## Exercise requirements
Would you retype the line that contains "8885 Sw 221st Ter - Photo 3 of 12" and all lines following it to the end of the entries below, exactly and without pictures?

## Data supplied
________________

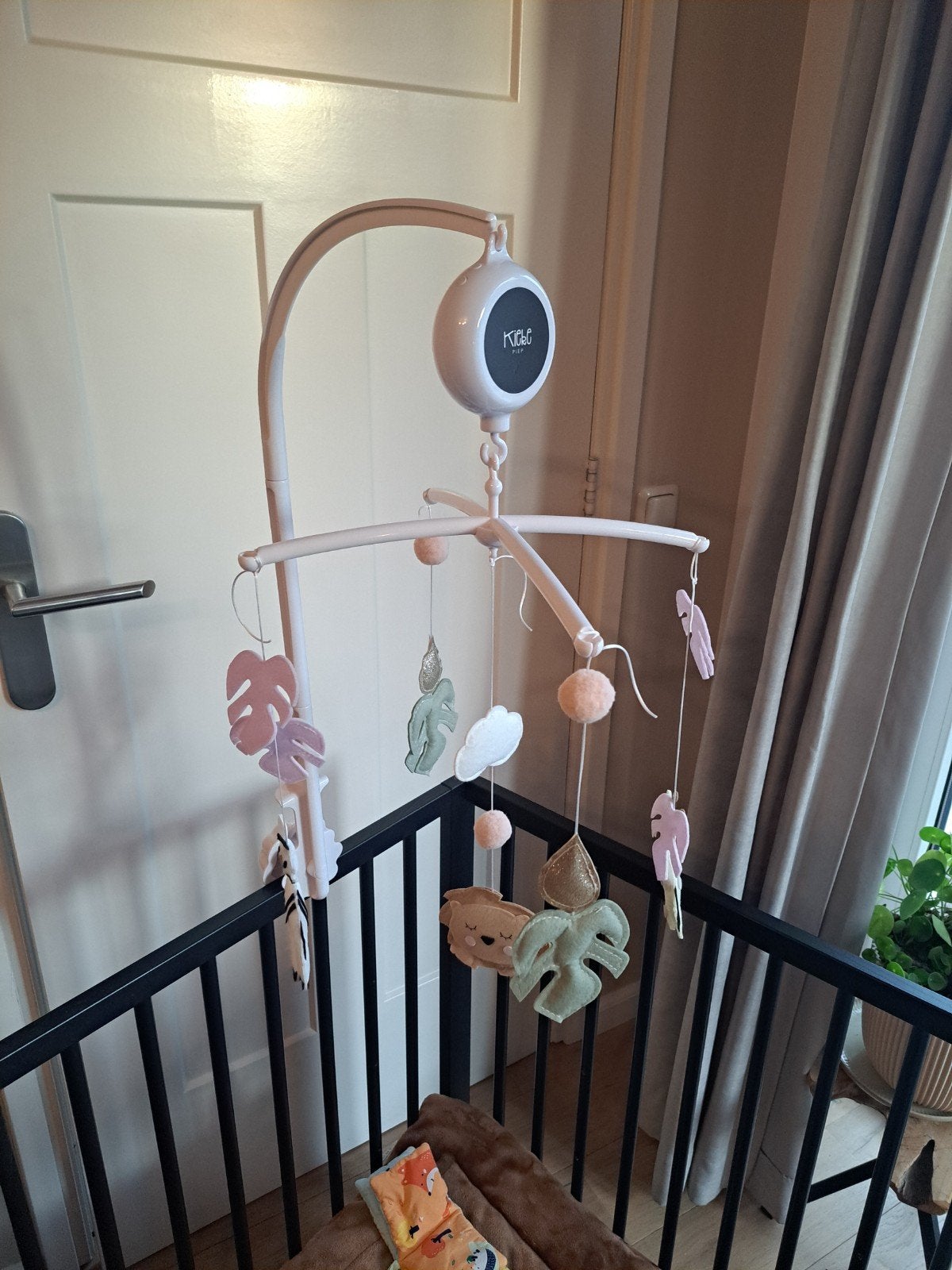 Muziekmobiel Kiekepiep met 10 melodieën - Zo goed als nieuw, Ophalen, Zo goed als nieuw, Mobiel, Met geluid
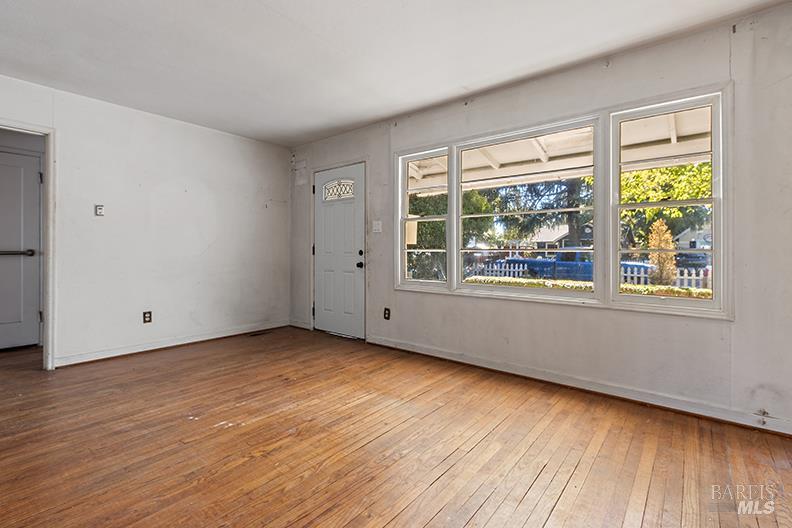 Detail Gallery Image 10 of 30 For 2931 Euclid Ave, Concord,  CA 94519 - 2 Beds | 1 Baths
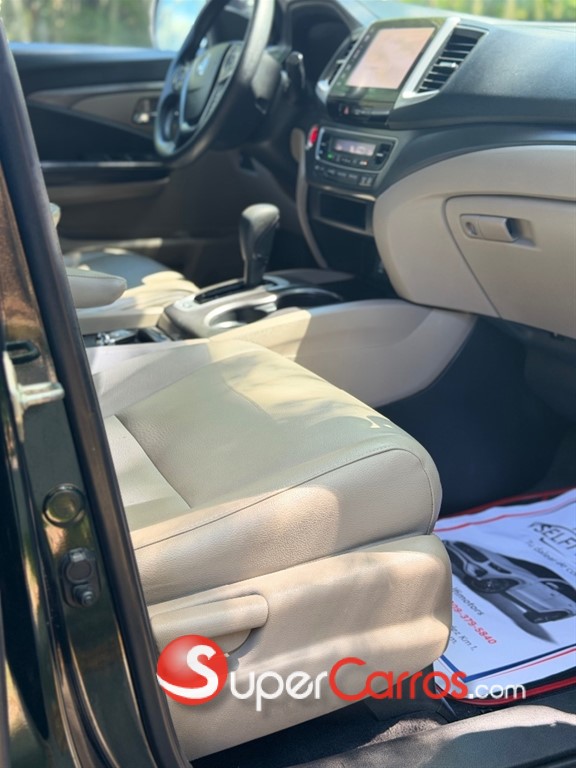 2017 Honda Pilot EX — foto 8 / 11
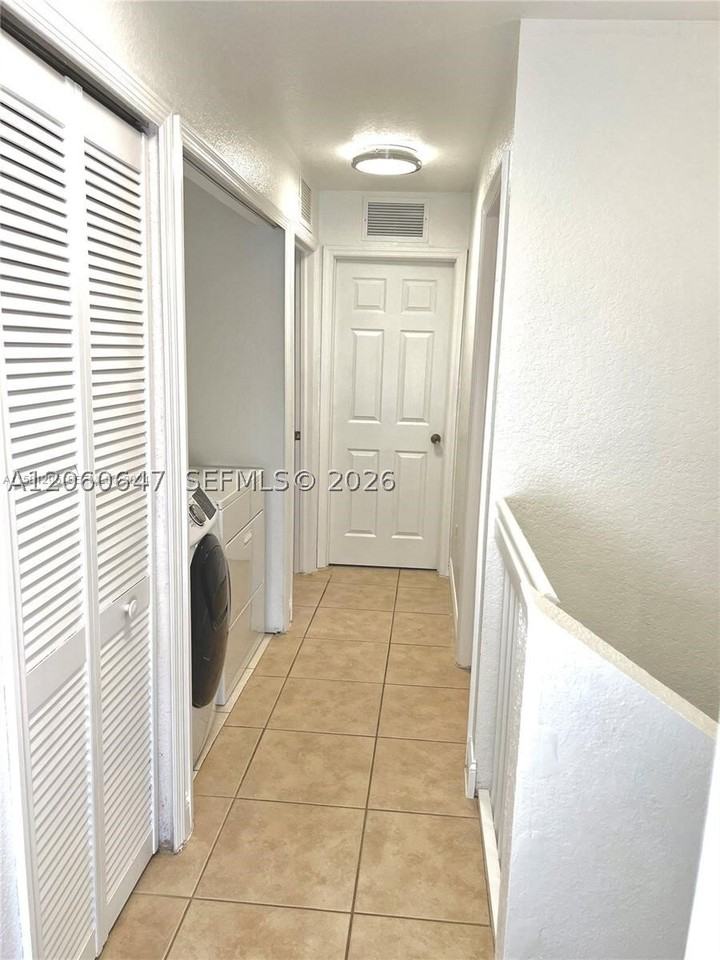 8885 Sw 221st Ter - Photo 3 of 12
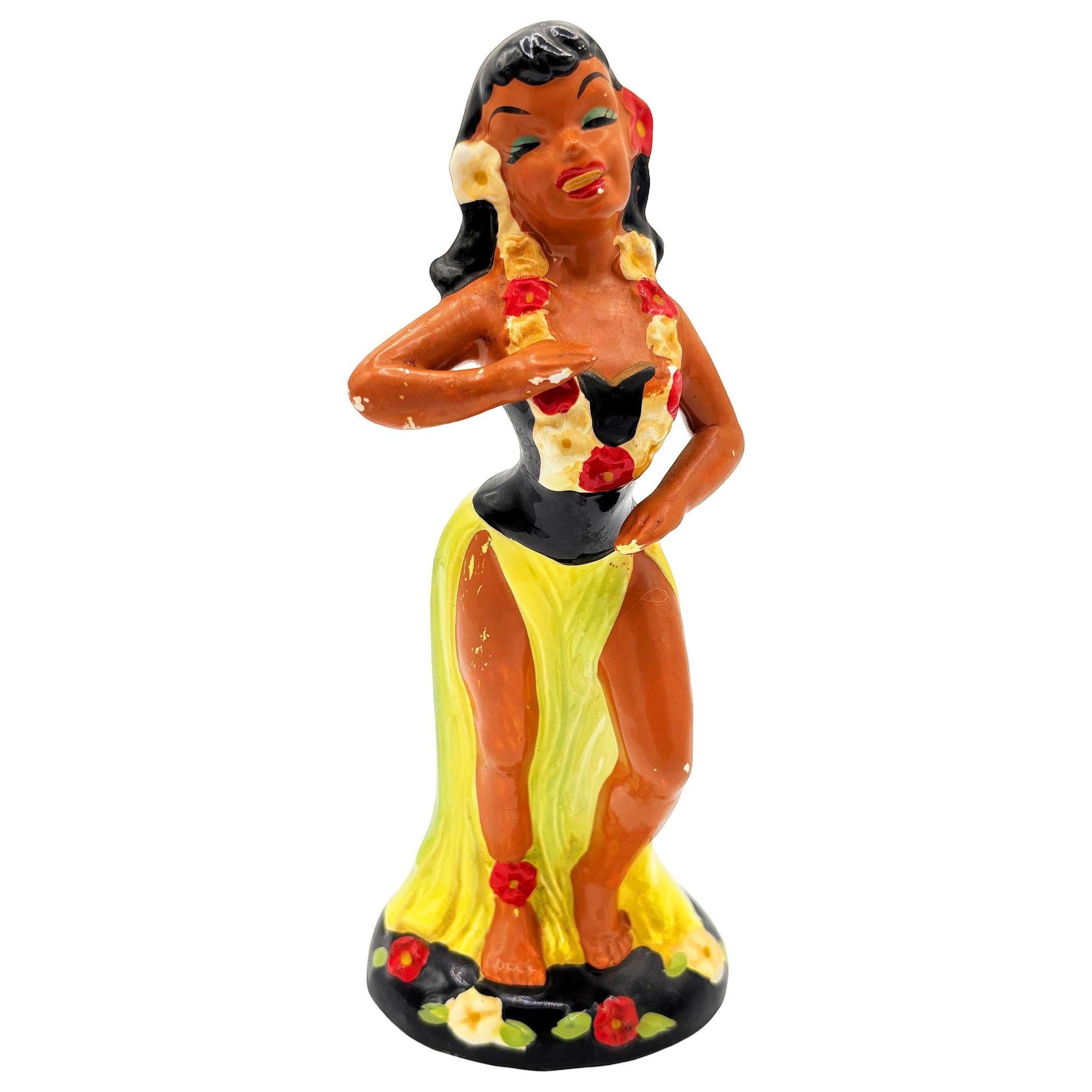 Mid-Century moderno Hawaiian Hula Girl & Ukulele Player Ceramic Statue Set by Kreiss Company in vendita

________________

## Solution for this task
 8885 Sw 221st Ter - Photo 3 of 12
 Mid-Century moderno Hawaiian Hula Girl & Ukulele Player Ceramic Statue Set by Kreiss Company in vendita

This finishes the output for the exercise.